As más práticas observadas na Prevent Senior vieram à tona com a CPI da Covid, no Senado Federal. O Conselho Regional de Medicina de São Paulo (Cremesp) também é alvo de denúncias por, supostamente, ter encobrido os crimes da operadora de saúde, inclusive com possíveis fraudes em documentos. Além da investigação no Senado, duas CPIs foram autorizadas para investigar o caso na Câmara dos Vereadores de São Paulo e na Assembleia Legislativa do Estado de São Paulo (Alesp).
Cientistas argumentam que muitas das mortes no país seriam evitáveis. De acordo com o balanço mais recente do Conselho Nacional dos Secretários de Saúde (Conass), o Brasil soma 597.255 vítimas. Nas últimas 24 horas foram registradas 506, além de 18.578 novos casos, e sem contar a subnotificação 21.455.651 brasileiros foram infectados desde o início do surto.

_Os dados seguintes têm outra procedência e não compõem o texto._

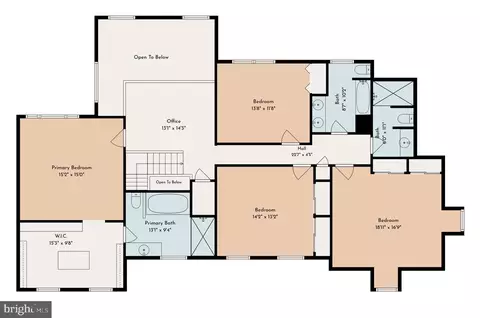 Floorplan - 119 Woods Ln, Wayne, PA 19087 photo 3 of 4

A covid-19 está em um período de estabilidade de mortes e casos desde o dia 10 de setembro, mas ainda em um patamar elevado. Entretanto, o cenário é o melhor desde o início do ano, isso graças ao avanço da vacinação. Panorama que poderia ser mais positivo, caso medidas de segurança, como distanciamento social, não tivessem sido abandonadas desde sempre. O país tem 45,18% de imunizados, mas a OMS indica, para controle da pandemia, que esta porcentagem deve ser superior a 80%. Tomaram uma dose 75,16%, mas também impacta negativamente um grande número de faltosos da segunda dose, mais de 11% dos habilitados.
Ao contrário do que prega o presidente e seus apoiadores, as vacinas comprovam sua eficiência dia após dia. Setembro foi o mês com menos mortes por covid-19 no Brasil desde o início do ano, 16.275. Apenas na primeira semana de abril deste ano, a mais letal do surto, foram 21.141 vítimas.
Ainda existem outros dados positivos graças à vacinação. Em São Paulo, por exemplo, estado mais afetado pelo vírus, setembro foi o mês com menor média de internações desde o início do surto. Foram 608 pacientes por dia, enquanto no pior mês, março de 2021, foram 2.881. A média diária de novos casos no estado, calculada em sete dias, foi a menor do ano, com 3.448, frente a 20.658 no pior mês, julho. O mesmo vale para as mortes, com 132 vítimas diárias diante de 718 no pior mês, abril.